The answers depend, of course, on the nature of your current role.

  • If you are a manager, you probably want to talk about what a great, high morale team you have.  How the people are on a good trajectory, or how you are working with the ones who aren’t to get on a clear path for addressing the problems.  How you have a strong bench of future leaders you’ve been developing (hopefully your successor is one of them).  The mission is inspiring, the goals are clear and reflect the biggest opportunities available, the strategy is compelling, and the execution is effective.
  • The projects that you are responsible for are on a great path to success.  As you leave, things will continue seamlessly forward because the work is well organized and you have made sure that it an be passed over cleanly to somebody else.  No commitments will be missed, no balls dropped.
  • The issues that potentially block success have been analyzed and are being addressed and/or mitigated.

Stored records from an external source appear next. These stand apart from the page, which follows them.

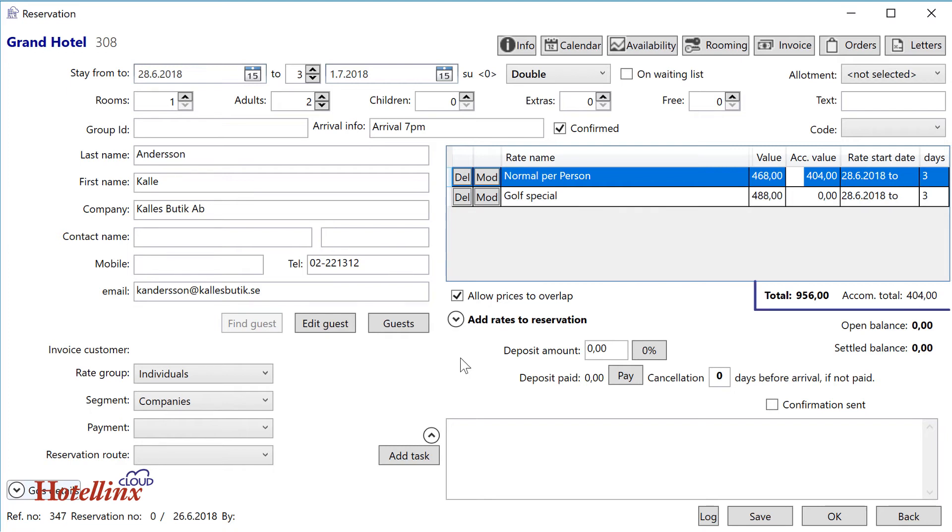This is the total value of the reservation, and the accommodation part of the total value.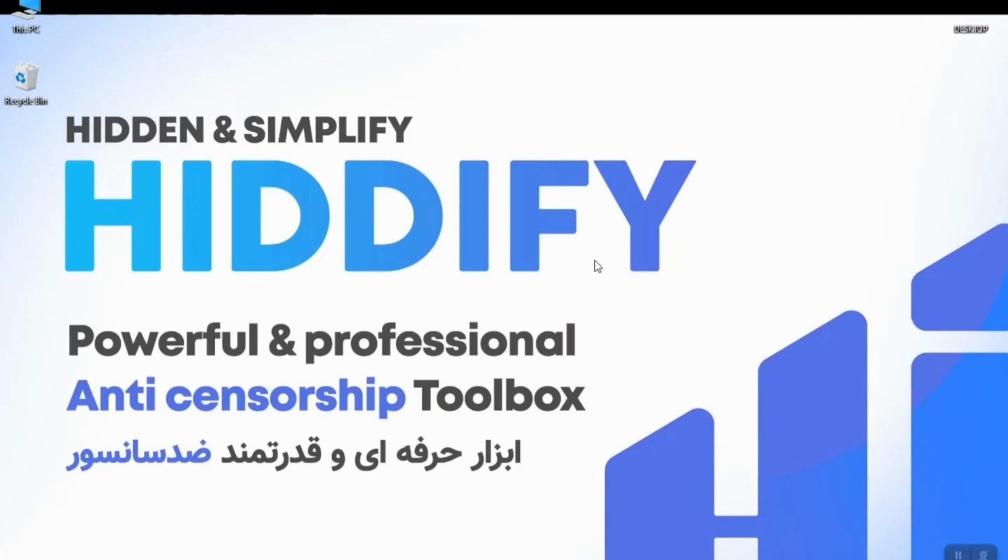Hello my friends and welcome to this video. In this tutorial we are going to download and install Hiddify Clash on our computer, so stay with me till the end of the video.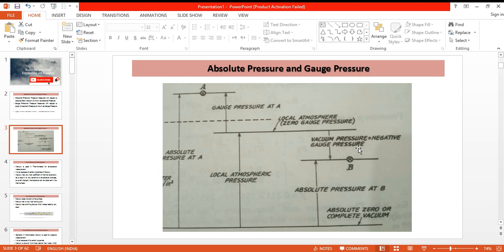We will discuss in detail about the suction pressure — where it is found and what its applications are — in the next video. I hope from this video it is clear what is the difference between absolute pressure and gauge pressure. Thank you for watching.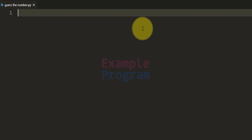Hey guys, welcome to the channel. In this video we will write a simple Python program where our program will have a number in mind and the user has to guess that number. If we guess the number right then the program will say yes you got the right number, else depending on the number entered the program will display some appropriate message.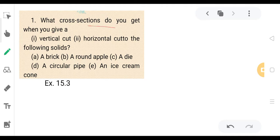What cross-sections do you get when you give a vertical cut? Number two is horizontal cut of the following solid. A, B, C, D, E... D, C, D, D, D and D.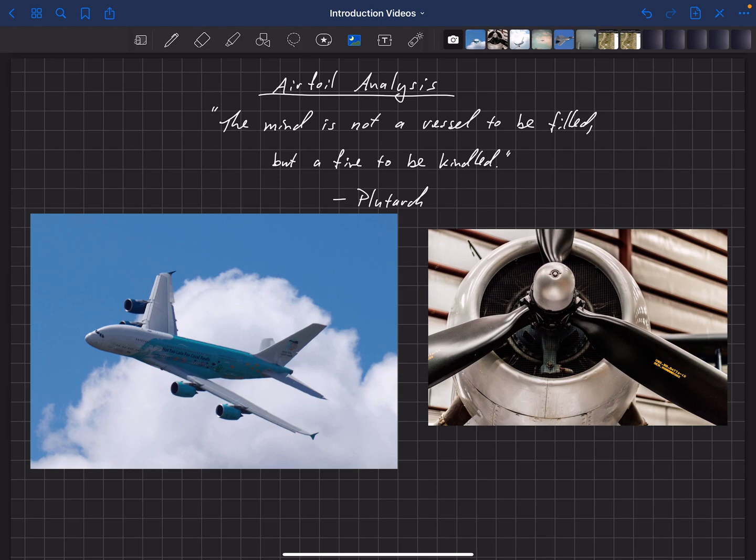Hi, my name is Doug Hunsaker, and I'm excited that you want to join me for this course on airfoil analysis. Plutarch said, the mind is not a vessel to be filled, but a fire to be kindled. And I hope that through this course, you light a fire in your mind about what can be done with airfoil design in the future.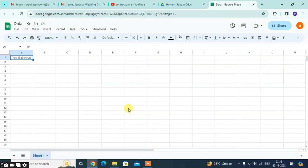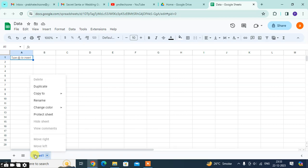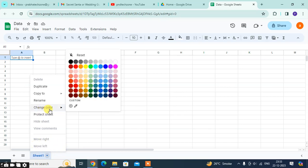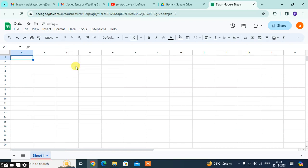In this video we will learn how to color Google Sheet names. Let's start. This is my Google Sheet. I want to color this Google Sheet name. Just right-click on the name of the Google Sheet. Now you can see the change color option. Click on red and you can see the color.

If you can say all that, congratulations on having aced your exit interview!  The person who is taking over for you is truly set up for success, but they have some big shoes to fill.

*****

Is that how it’s going to go?  If not (and I have yet to meet anyone who says it will!), what are the biggest reasons you won’t be taking a victory lap at your exit interview?

Usually, I find that there are a handful of big issues that people are worried about and that aren’t on a good track to resolution.  They might be:

Unpleasant.  People problems often fall into this bucket.  Sure, things aren’t great, and yes, something really ought to be done about it, but dealing with it is going to suck.  It’s often doubtful whether there will be a clear resolution at the end, especially if the other person doesn’t work for you and hence you have limited options for adjusting the situation.   So, it’s easier to just avoid the whole thing and keep bumbling along.

Important but not urgent.  Creating that new market would be an amazing win for the company.  Hiring a senior architect could transform the ability of the team to build great software.  But there is no particular urgency – no deadline will be missed, there is no forcing function.  And there are a hundred emails to answer, and that milestone is coming up, and my schedule is packed, and …

Hard.  I know that I should really be working on this big issue or opportunity, but I don’t exactly know how to do it.  I have to go get educated in some new area, or break through a tough analysis, or learn a new skill that I secretly fear I’ll be lousy at.  One way or another, it’s going to be a ton of work, and I’m not sure that I’ll really get anywhere, and my plate is full of things I do know how to do.

I’ve found that these big issues that people feel bad about are often the most important things they should be focused on.  So, I get them to write down the list of those issues, and then I ask the key next question: what specific actions are you going to take about each one, and when?  Because feeling bad doesn’t accomplish anything .. you need to take action.  I keep track, too, and the next time we talk, I bring it up again to see whether there has been progress.

Are you ready to ace your exit interview?  Why not?  What are you going to do about it?